**THE PROBLEM:**
All lines in the records below from the line with "1pcs New Ccs 604g3 Pressure Switch" through the line with "Apartments Bermuda Beach" are to be given again exactly, both ends included; the pictures are to be left out.

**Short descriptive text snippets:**
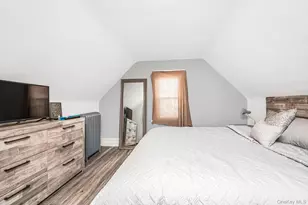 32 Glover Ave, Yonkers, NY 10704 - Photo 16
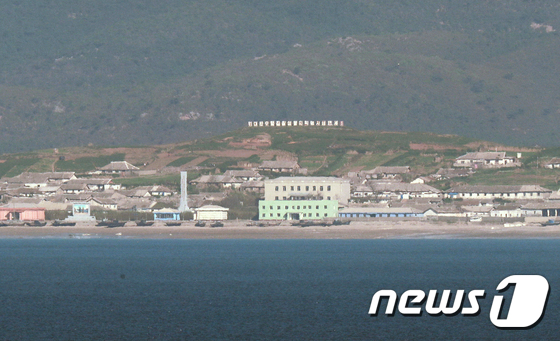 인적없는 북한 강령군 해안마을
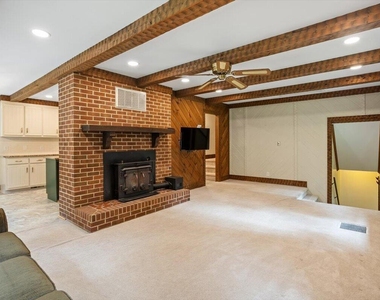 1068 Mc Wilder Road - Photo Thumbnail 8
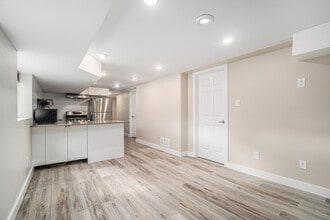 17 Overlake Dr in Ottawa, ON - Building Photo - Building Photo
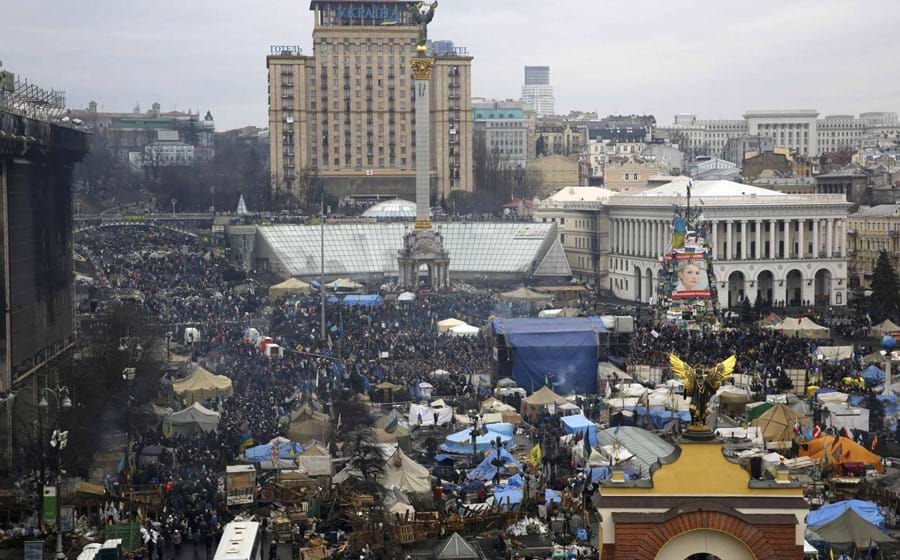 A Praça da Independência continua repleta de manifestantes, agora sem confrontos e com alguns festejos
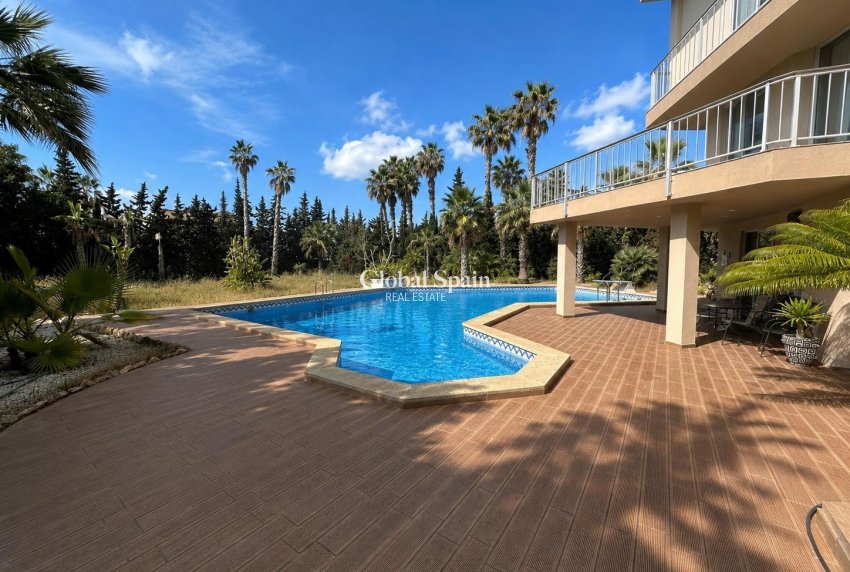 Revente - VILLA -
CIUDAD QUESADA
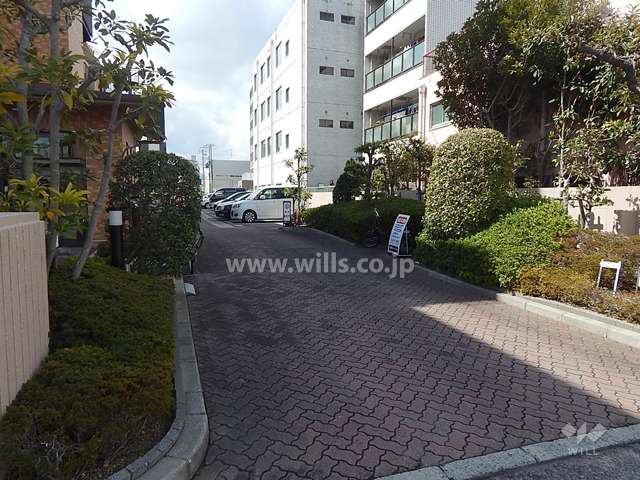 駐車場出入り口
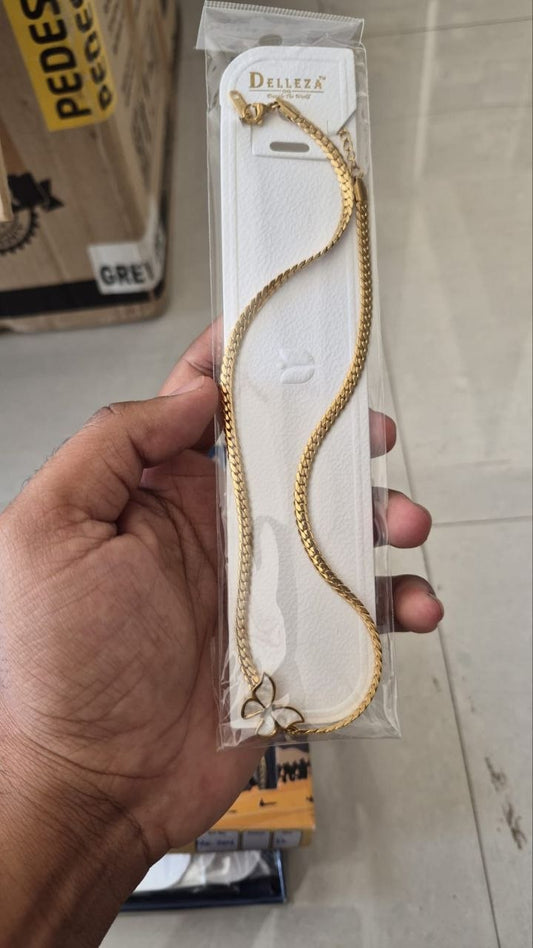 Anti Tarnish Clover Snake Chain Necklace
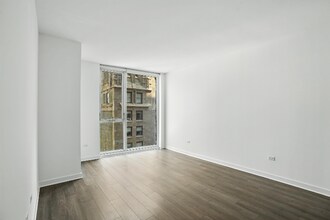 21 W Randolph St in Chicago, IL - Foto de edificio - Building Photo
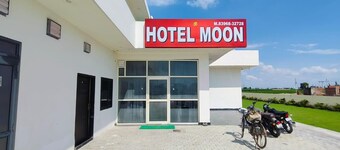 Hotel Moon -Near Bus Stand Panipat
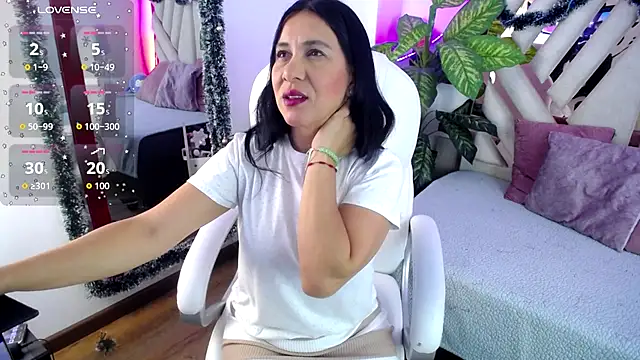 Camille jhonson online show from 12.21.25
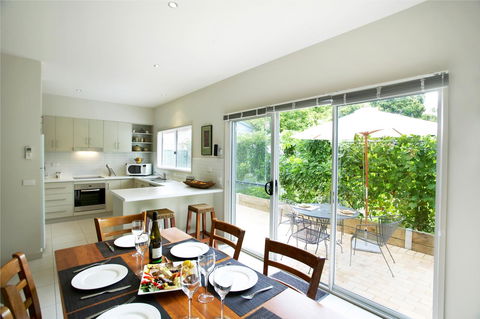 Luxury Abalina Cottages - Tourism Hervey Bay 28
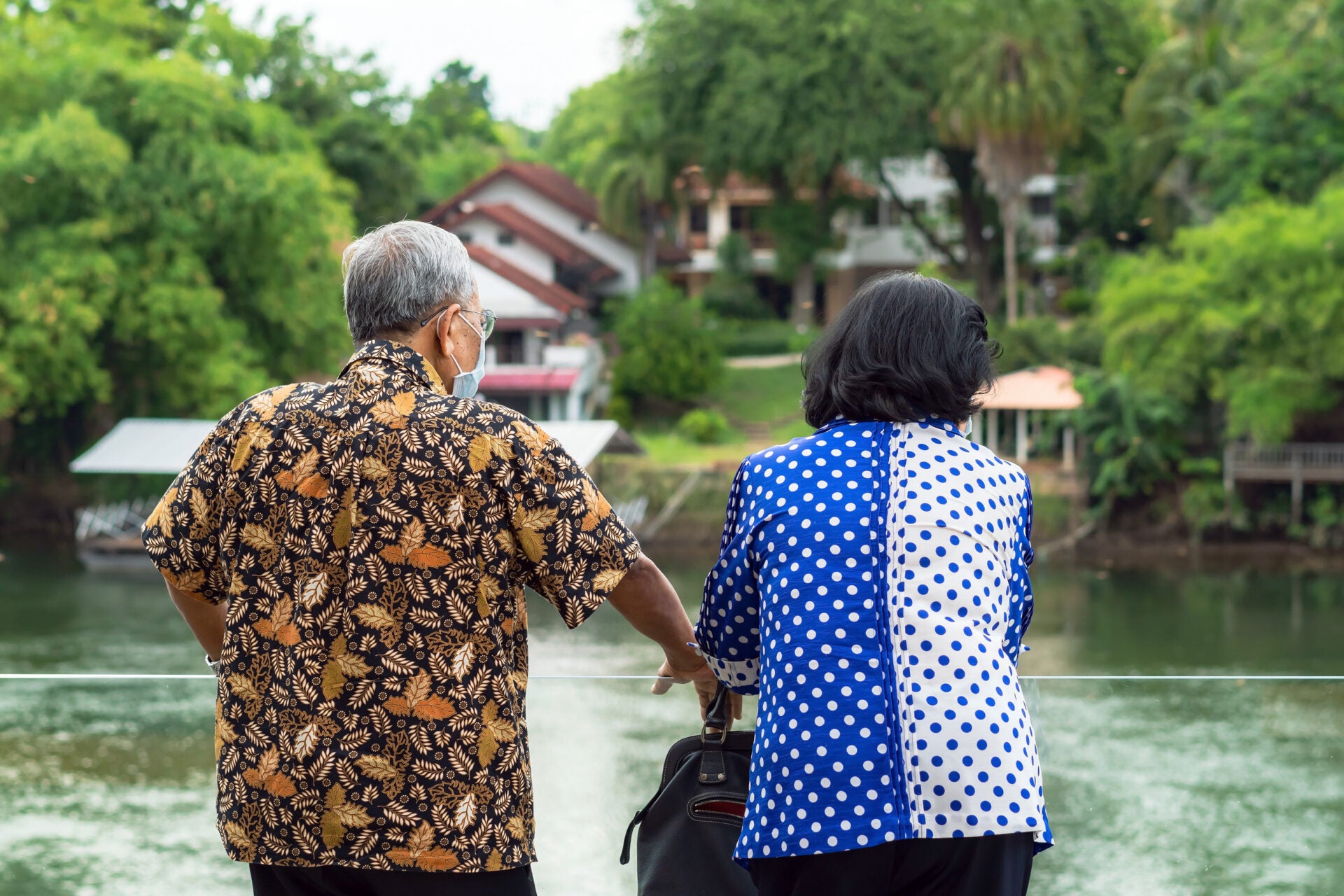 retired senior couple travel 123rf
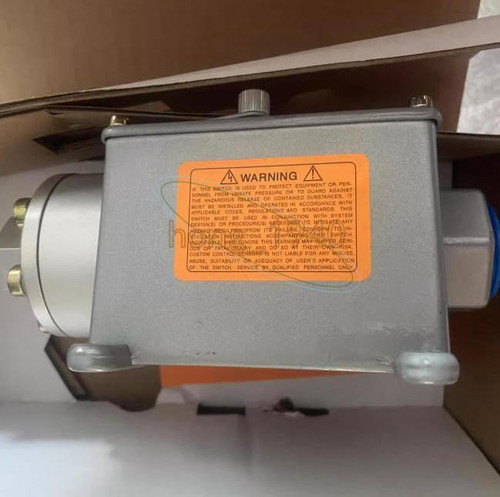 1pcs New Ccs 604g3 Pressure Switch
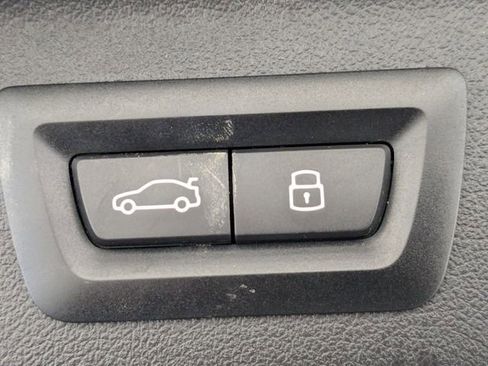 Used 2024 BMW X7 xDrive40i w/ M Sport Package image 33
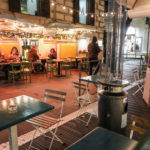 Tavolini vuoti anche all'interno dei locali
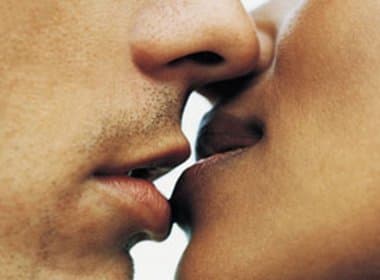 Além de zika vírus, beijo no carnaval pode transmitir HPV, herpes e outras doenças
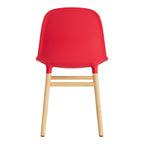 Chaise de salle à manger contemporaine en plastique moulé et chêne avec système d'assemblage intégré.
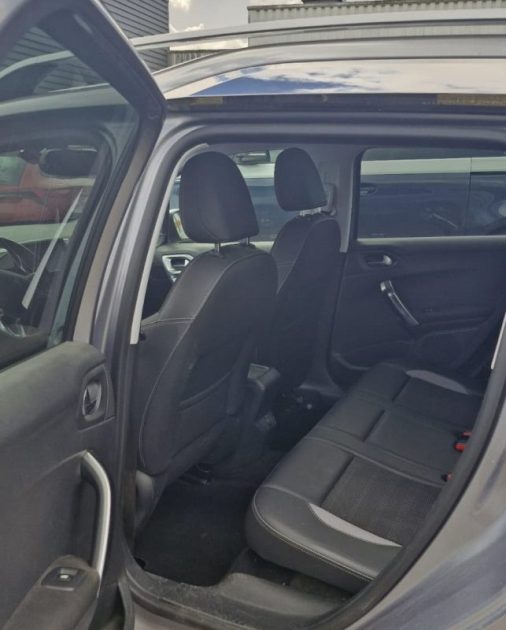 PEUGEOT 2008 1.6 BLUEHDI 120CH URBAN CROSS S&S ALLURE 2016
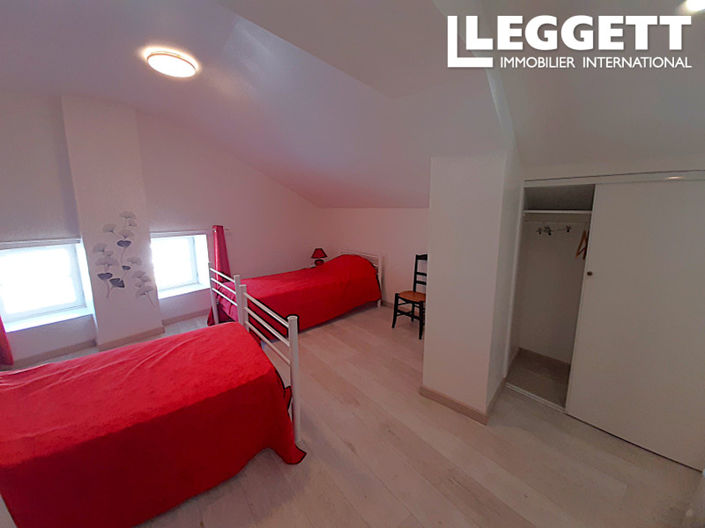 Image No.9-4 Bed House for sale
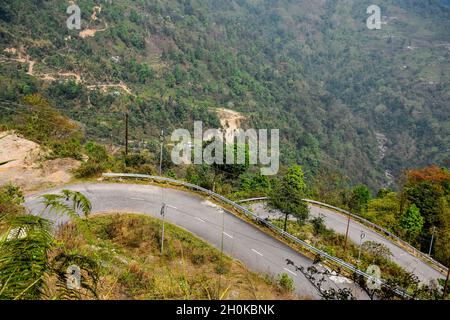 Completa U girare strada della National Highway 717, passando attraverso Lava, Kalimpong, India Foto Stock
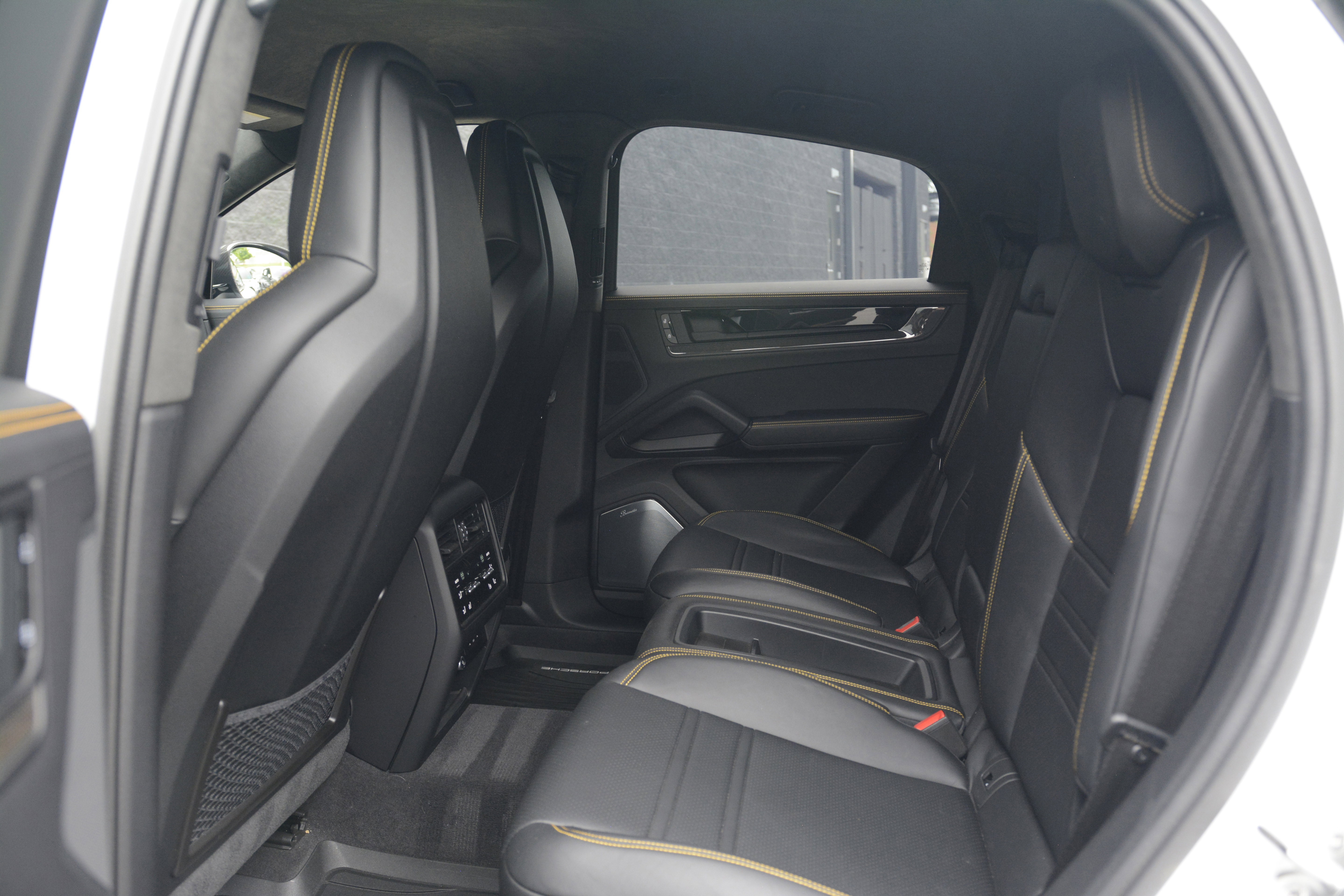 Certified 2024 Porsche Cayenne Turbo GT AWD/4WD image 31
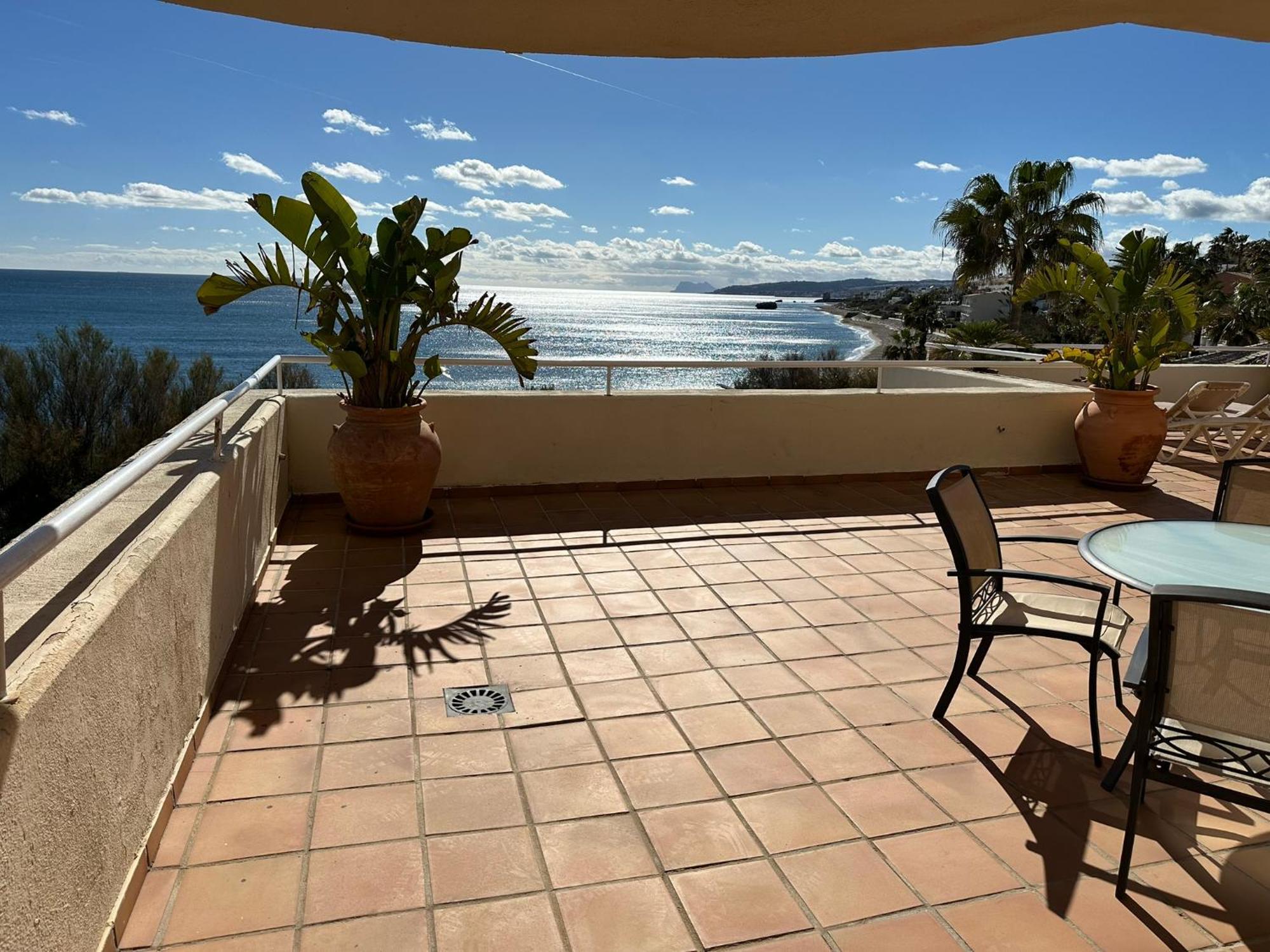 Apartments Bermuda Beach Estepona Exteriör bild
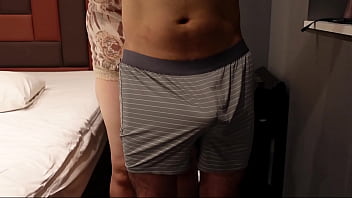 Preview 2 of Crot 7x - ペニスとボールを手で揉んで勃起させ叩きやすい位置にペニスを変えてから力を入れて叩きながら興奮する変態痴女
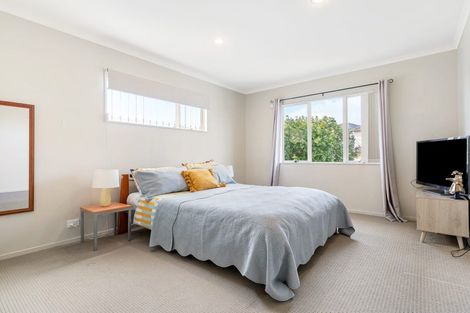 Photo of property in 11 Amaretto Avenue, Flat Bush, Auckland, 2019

**RESPONSE:**
 1pcs New Ccs 604g3 Pressure Switch
 Used 2024 BMW X7 xDrive40i w/ M Sport Package image 33
 Tavolini vuoti anche all'interno dei locali
 Além de zika vírus, beijo no carnaval pode transmitir HPV, herpes e outras doenças
 Chaise de salle à manger contemporaine en plastique moulé et chêne avec système d'assemblage intégré.
 PEUGEOT 2008 1.6 BLUEHDI 120CH URBAN CROSS S&S ALLURE 2016
 Image No.9-4 Bed House for sale
 Completa U girare strada della National Highway 717, passando attraverso Lava, Kalimpong, India Foto Stock
 Certified 2024 Porsche Cayenne Turbo GT AWD/4WD image 31
 Apartments Bermuda Beach Estepona Exteriör bild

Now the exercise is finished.